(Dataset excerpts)
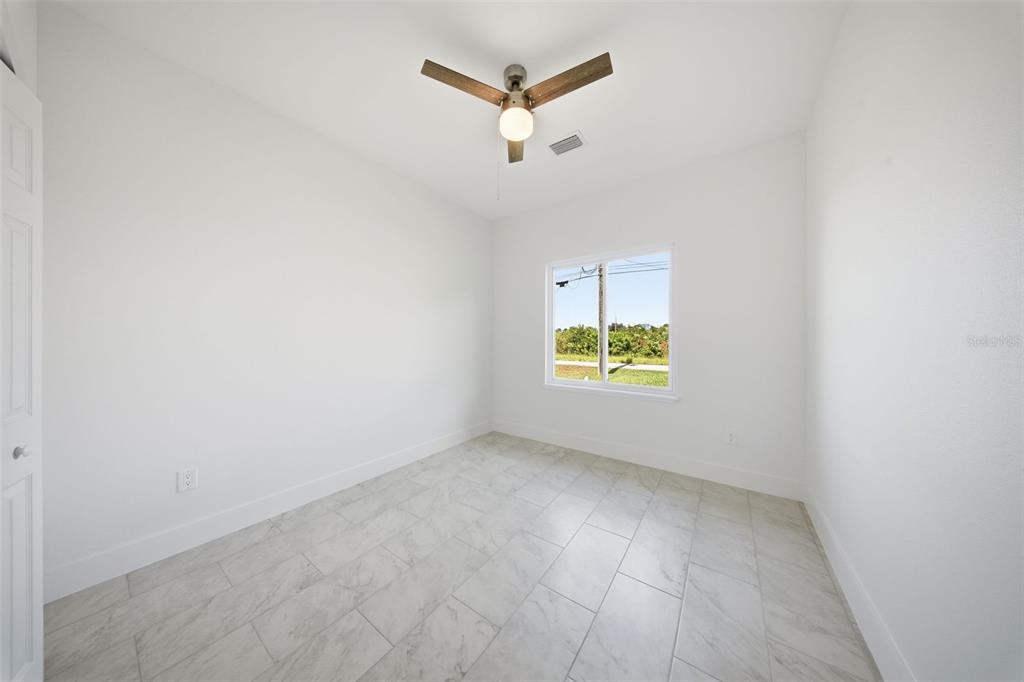 10458 Pendleton Avenue Englewood, FL 34224 - Photo 27 of 30 an empty room with a window and a ceiling fan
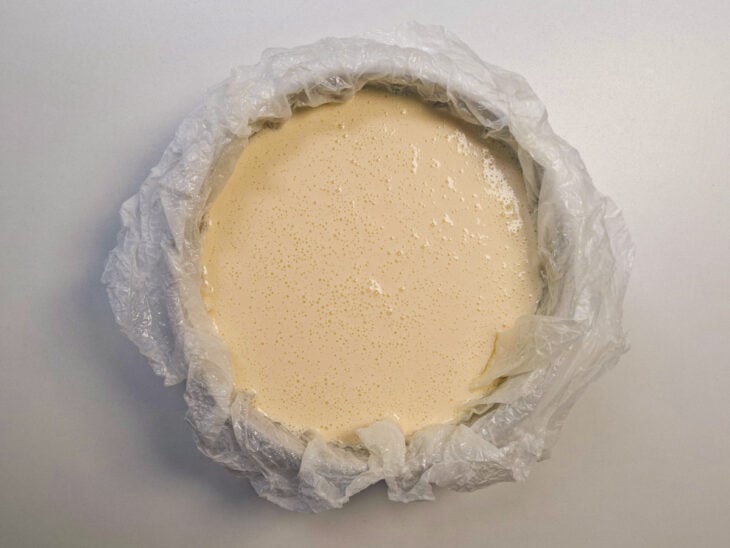 Massa homogênea e fluida sendo vertida na forma redonda forrada com papel-manteiga enrugado.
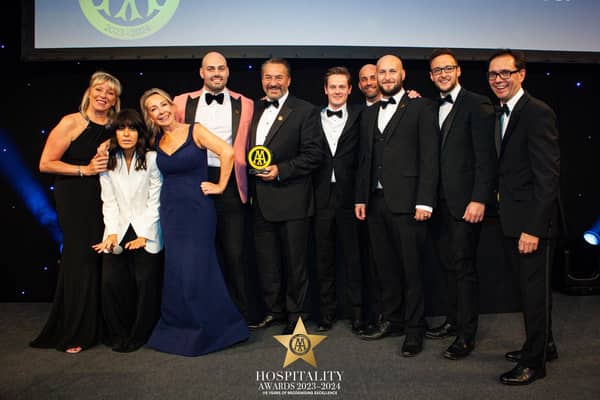 The team from the Coaching Inn Group with Strictly Come Dancing star and awards host Claudia Winkleman.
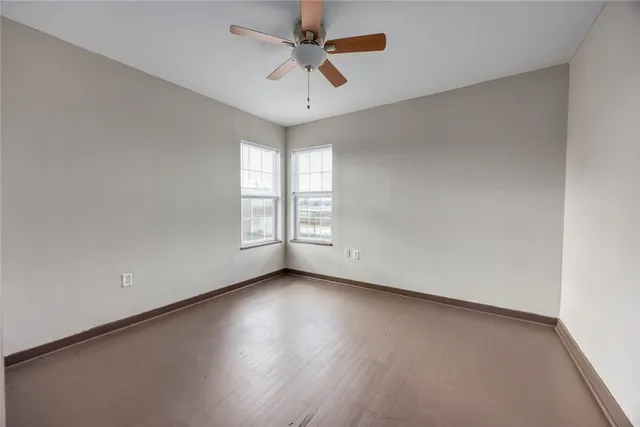 an empty room with wooden floor chandelier fan and windows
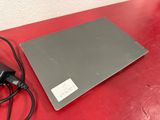 a laptop that is sitting on a table with a charger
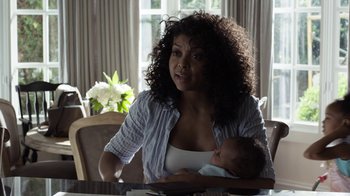 Movie still from “No Good Deed” (2014), directed by Sam Miller – A woman sitting at a table holding a baby; Medium shot, Over the shoulder angle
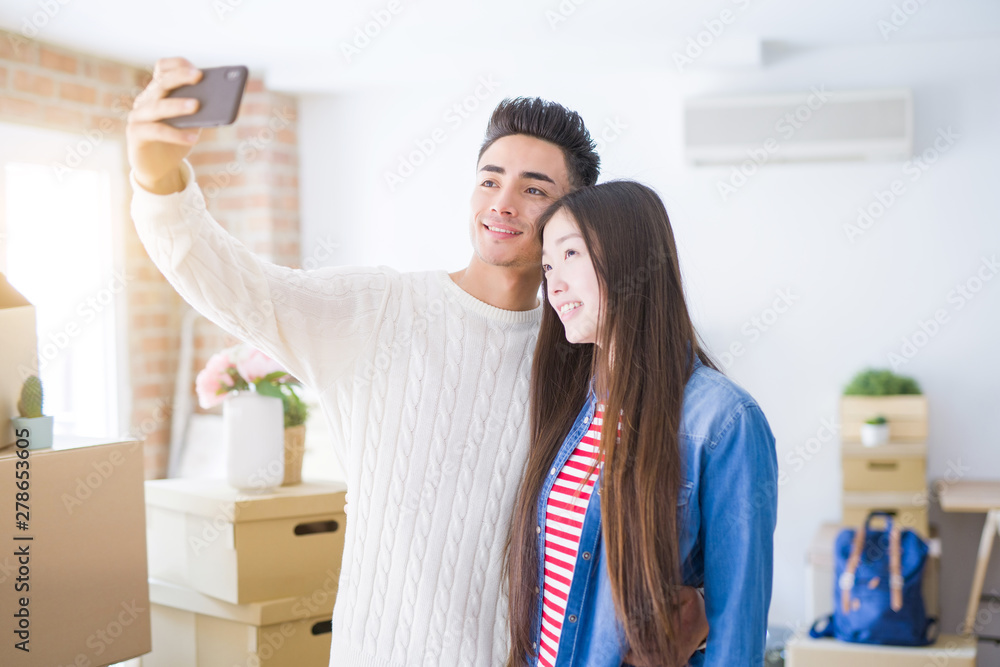 Young asian couple smiling taking a selfie photo with smartphone, moving to a new home together Young asian couple smiling taking a selfie photo with smartphone, moving to a new home together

## WHAT THE TASK ASKS:
Skipping the pictures, output the entries exactly as they appear above.

## RESPONSE AREA:
 10458 Pendleton Avenue Englewood, FL 34224 - Photo 27 of 30 an empty room with a window and a ceiling fan
 Massa homogênea e fluida sendo vertida na forma redonda forrada com papel-manteiga enrugado.
 The team from the Coaching Inn Group with Strictly Come Dancing star and awards host Claudia Winkleman.
 an empty room with wooden floor chandelier fan and windows
 a laptop that is sitting on a table with a charger
 Movie still from “No Good Deed” (2014), directed by Sam Miller – A woman sitting at a table holding a baby; Medium shot, Over the shoulder angle
 Young asian couple smiling taking a selfie photo with smartphone, moving to a new home together Young asian couple smiling taking a selfie photo with smartphone, moving to a new home together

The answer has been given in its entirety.